Saturday 11 April 2009

The BBC Gets It Right

Football Focus this week “dedicated the show to the 96 victims of the Hillsborough disaster.” I must admit that my heart sank when Manish introduced the show thus. I expected that Football Focus would make an almighty mess of this. I did them a disservice.

They had produced a fifteen minute, Sue Johnstone-narrated documentary using a great deal of the original footage, and interviews of victims’ families and witnesses. It was pitch-perfect – factual, emotional without being self-indulgent, and truly affecting.

Even Motson did well.

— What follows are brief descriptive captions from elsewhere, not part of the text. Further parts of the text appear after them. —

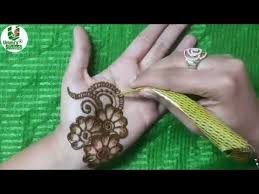 Learn Stylish Arabic Henna Mehndi In 10 Minutes How To Apply Arabic Mehendi Like A Professional Y Front Mehndi Design Mehndi Designs Beginner Henna Designs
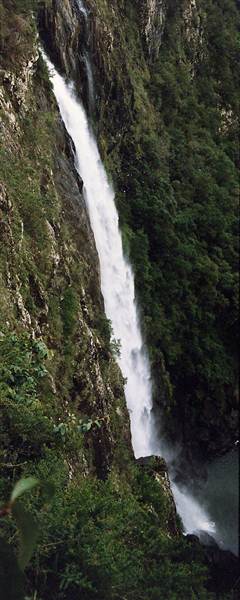 Ellenborough Falls (28/02/2013 4:33:22 PM)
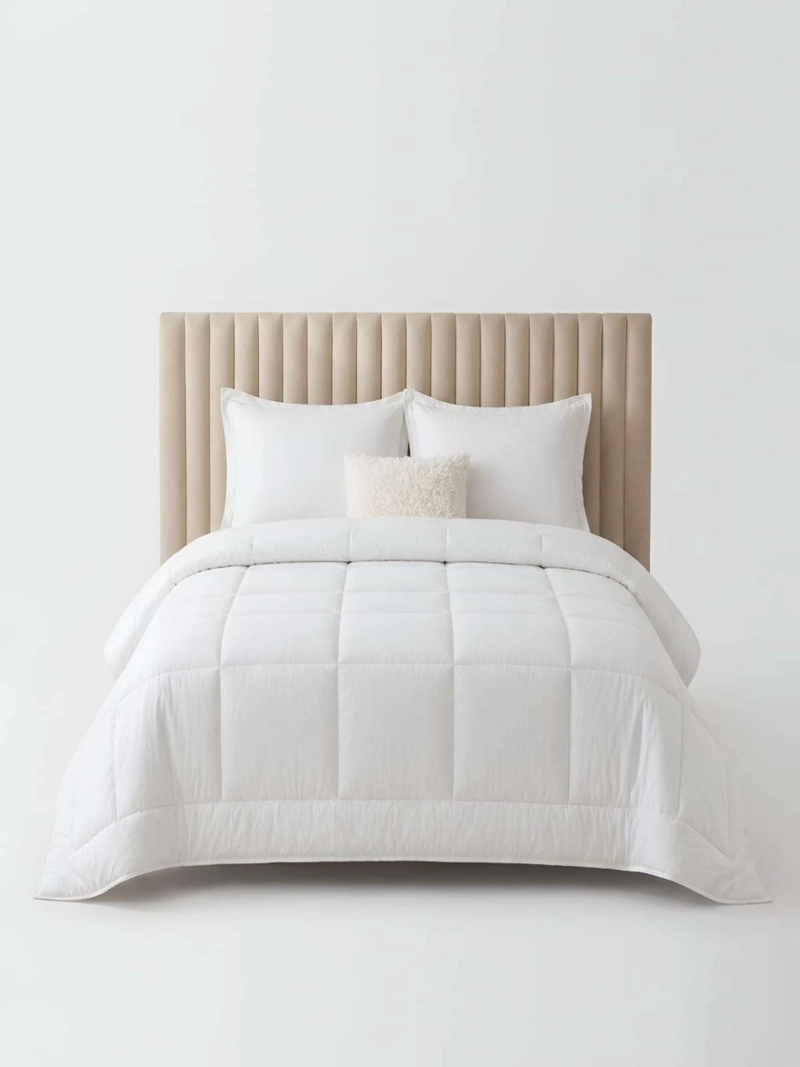 CUBRECAMA QUILT KING DELGADO RESISTENTE A ARRUGAS - 3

A witness to the unfolding tragedy, he pitched his account beautifully and, save a solitary catch in his voice, he didn’t resort to emotional cliché.

Alan Hansen then presented a touching retrospective where he interviewed former team-mates who, like him, were on the pitch as the disaster began; and who, like him, spent the next few weeks attending funerals, and the next twenty years trying to reconcile what they had seen.

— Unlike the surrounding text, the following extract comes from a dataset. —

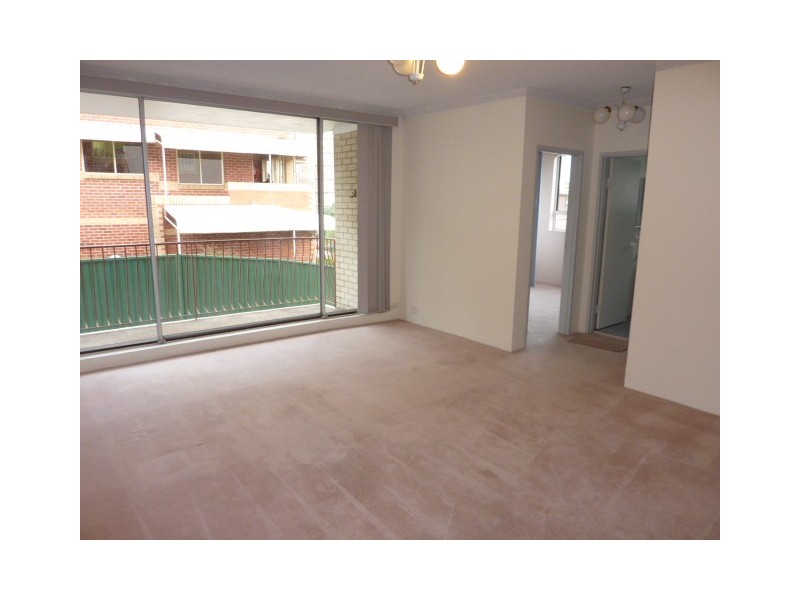 21 Anzac Parade, Kensington NSW 2033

We saw John Barnes walking solemnly behind a coffin, Barry Venison at the cathedral service; and we heard John Aldridge on the verge of tears as he related to Hansen the stories of incomprehensible grief.

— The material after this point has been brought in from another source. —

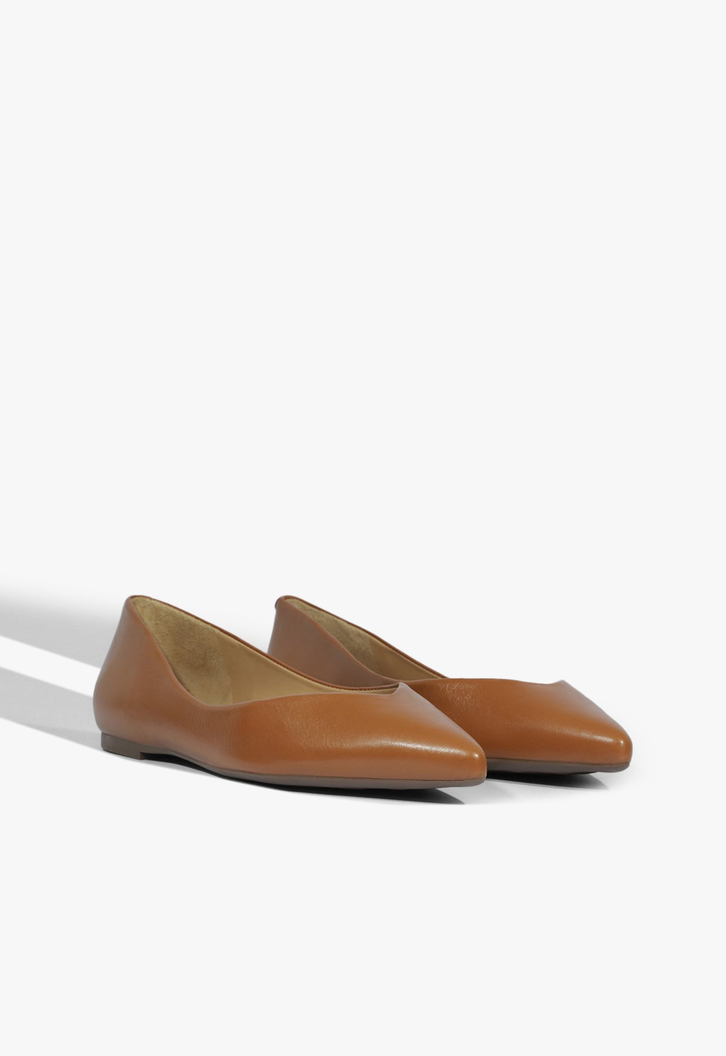 Flat Bico Fino Couro Marrom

Lawrenson was given very little to do, which was a good idea because, even in his funeral suit, the man’s capacity to say the wrong thing is simply not worth the risk.

BBC commentator Steve Wilson who, as a young Liverpool supporter, was in the ground that day, was given license to stray from the party line and criticise the authorities’ response on the day and in the intervening years. In a calm voice, he condemned the behaviour of South Yorkshire police on the day, and of the perceived closing ranks of the authorities since then.

The truth is that nobody has ever been brought to account for what happened that day and, in the era of blame culture, that is extraordinary.

In this blog, I am quick to criticise the BBC, their sports department in particular. What’s more, I have a contrary tendency when it comes to public displays of grief. However, I am happy to say that, on this occasion, the BBC got it just right.